Unfortunately for musicians, this kind of close collaboration became impossible, and performances were canceled one by one—an experience Holroyd compares to watching a really slow car crash. Like many people during the past year and a half, Holroyd was forced to work from home, though for her, that meant converting her bedroom into a practice room/office, with her husband setting up in the living room and their children learning remotely in the dining room and second bedroom.

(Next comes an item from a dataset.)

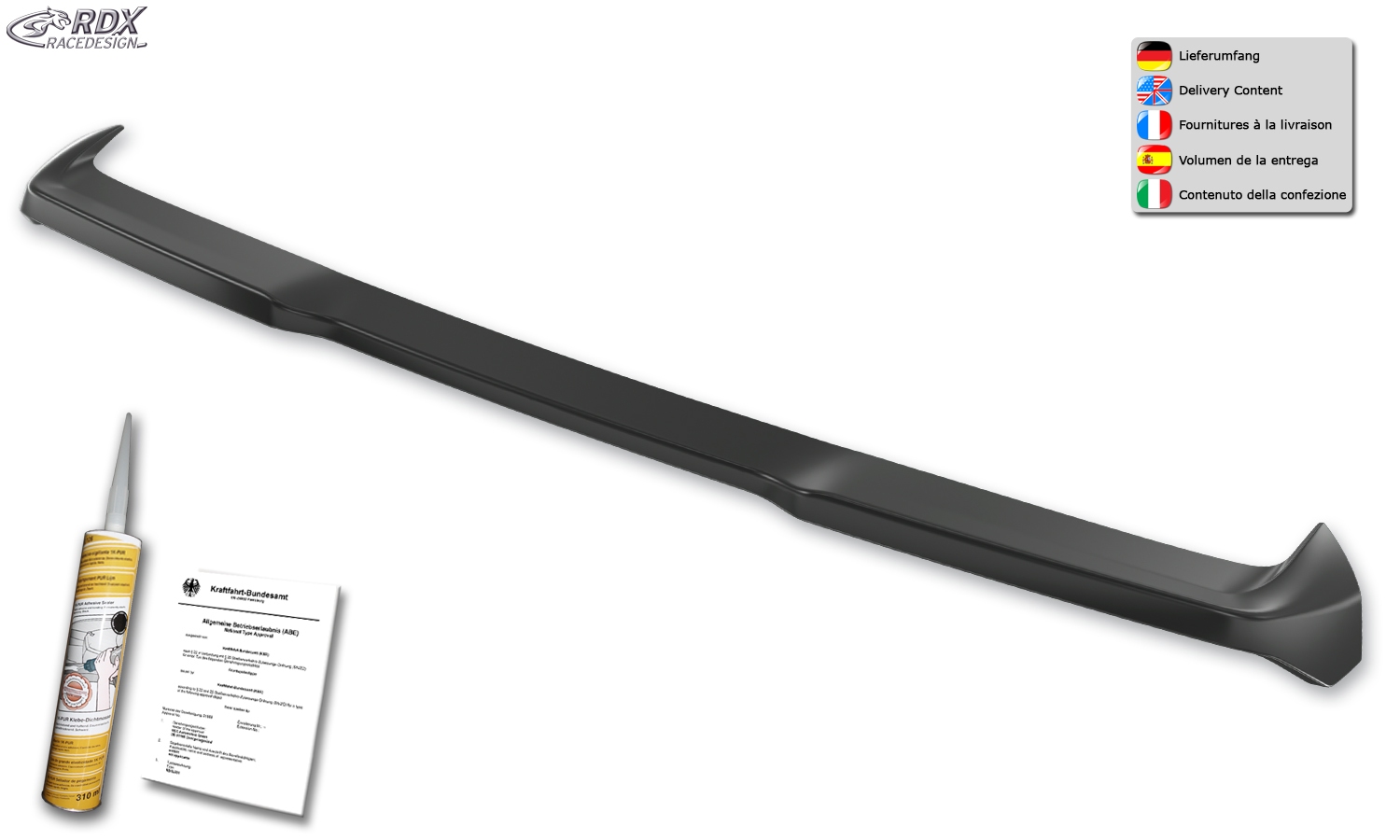 RDX katusespoiler – Ford Transit Custom/Tourneo Custom (2023–) ja Volkswagen Transporter/Shuttle/Caravelle (2025–)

Thanks to Zoom, Holroyd was still able to lead some private lessons, and by the fall, a number of organizations had devised clever ways to offer virtual concerts for their audiences. "Everyone solved it differently. Sure, it was a bit chaotic, but people were getting super creative and scrappy with livestreams," she recalls. "In most cases, we would gather in an empty space—10 feet apart, with the string players masked and the winds surrounded by Plexiglass—and record a piece all the way through and then upload it online."
One time, Holroyd joined a woodwind quintet for program that was filmed with multiple cameras. Then, after the footage was edited together, the group released the concert like a live event, with live introductions and an interactive chat, so members of the audience could comment and interact with the players while enjoying their performance.

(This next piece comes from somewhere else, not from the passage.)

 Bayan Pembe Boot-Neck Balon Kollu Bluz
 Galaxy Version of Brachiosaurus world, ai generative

Playing in even these modified setups proved to be a powerful experience for Holroyd after months of isolation. "I was able to play the Christmas Eve service at Emmanuel, and I actually started crying at the first rehearsal. To be able to play with real people, even though there wasn't a congregation, was very moving."
But this style of performing also presented artistic challenges. "We're missing a crucial piece without a live audience because we really do miss the interaction with them," she says. "When it's just you and the cameras, you're hyper aware of them. You feel like your playing is being looked at under a microscope, whereas a live, in-person concert is so much more about the energy of that performance.

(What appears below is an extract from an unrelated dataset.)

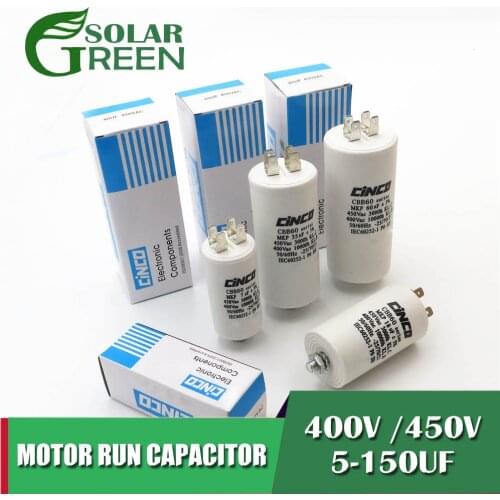 CINCO 400V 450V CBB60 5UF -150UF Motor Run Capacitors 4pin wire SH DB AC start 450VAC Water Pump motor starting Running P0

"Virtual concerts are so strange. On the one hand, it's not like recording an album in a studio. It can't be perfect because it's live, and we usually only do one or two takes," she continues. "But since it's going to exist in perpetuity online, you feel like you can't take the risks you can in live performance. It became a question of bringing the energy, the courage, and the risk taking of a live performance without throwing all caution to the wind." Between January and the end of the freelance season in May, Holroyd stayed busy with a series of small projects, and by July, she was finally able to play before an audience again, as part of a special concert with the New Bedford Symphony Orchestra featuring the woodwind and brass sections to thank donors for their support during the pandemic.
But even now, as venues are slowly beginning to reopen, companies are still cautious about planning full in-person seasons. And while she too is uncertain about the year ahead, Holroyd is extremely proud of all that she was able to accomplish over the past 18 months. "Some amazing things have come out of this! It's been exhausting, and it's been a ton of hustle, but we've been able to make it through. For me, it was so important to stay relevant, to be able to say I'm still an artist, I still have something to give musically, I'm still here."